● SOURCE DATA
__________________________________________________
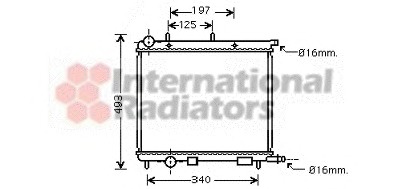 Radiator racire motor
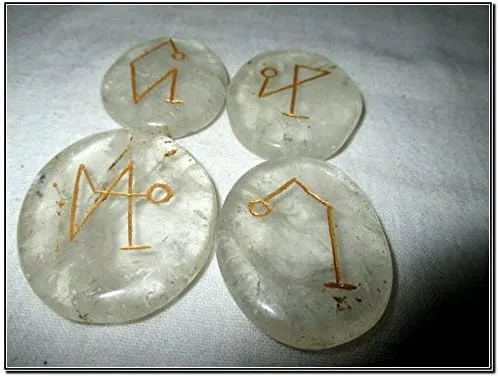 Vista 3 de Arcángel de cuarzo cristalino Piedras pulidas Genuino Wiccan Pagan Bolsa Regalo Espíritu Pentáculo Estrella Espiritual Psíquico Metafísico Adoración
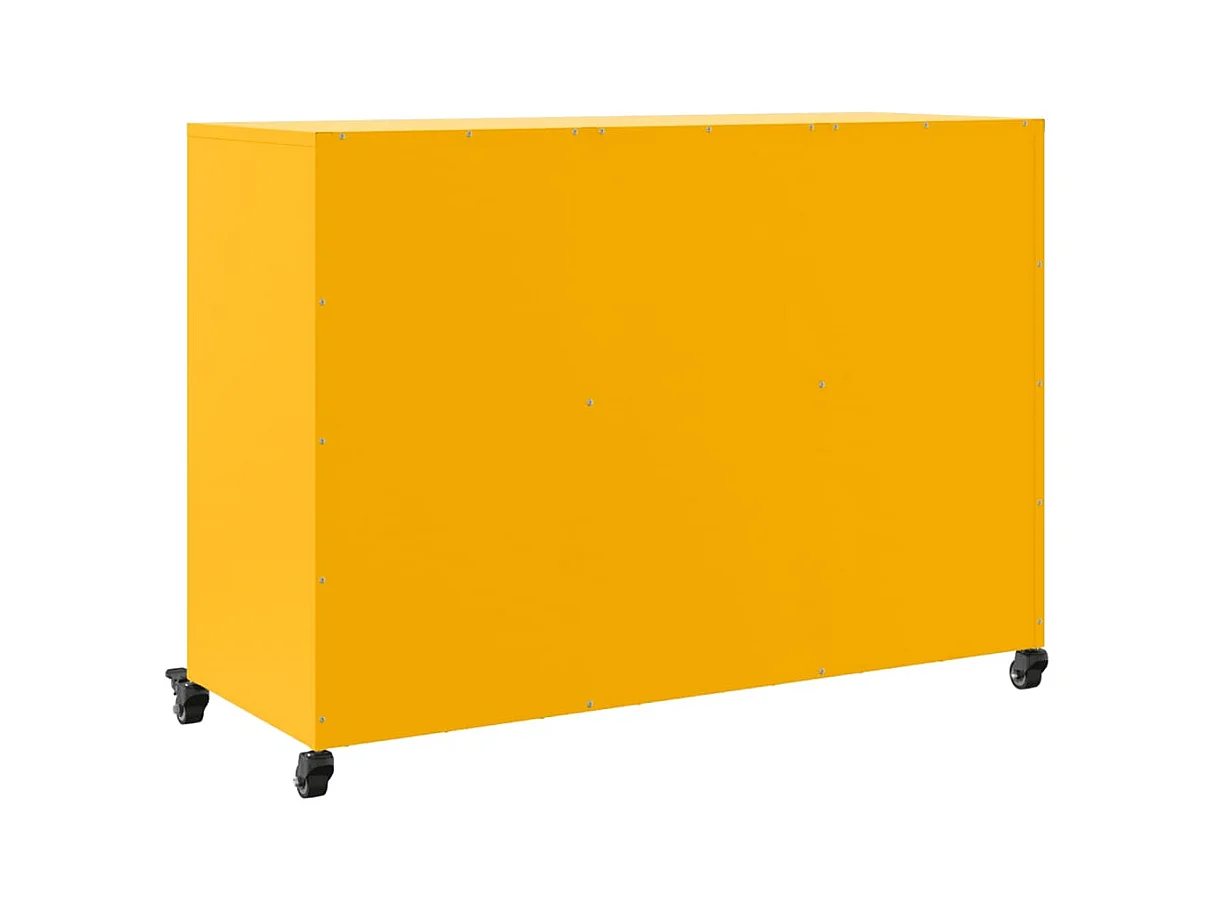 Buffet jaune moutarde 100,5x39x72 cm acier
__________________________________________________
Repeat the whole of the material above exactly, but keep the pictures out.

 Radiator racire motor
 Vista 3 de Arcángel de cuarzo cristalino Piedras pulidas Genuino Wiccan Pagan Bolsa Regalo Espíritu Pentáculo Estrella Espiritual Psíquico Metafísico Adoración
 Buffet jaune moutarde 100,5x39x72 cm acier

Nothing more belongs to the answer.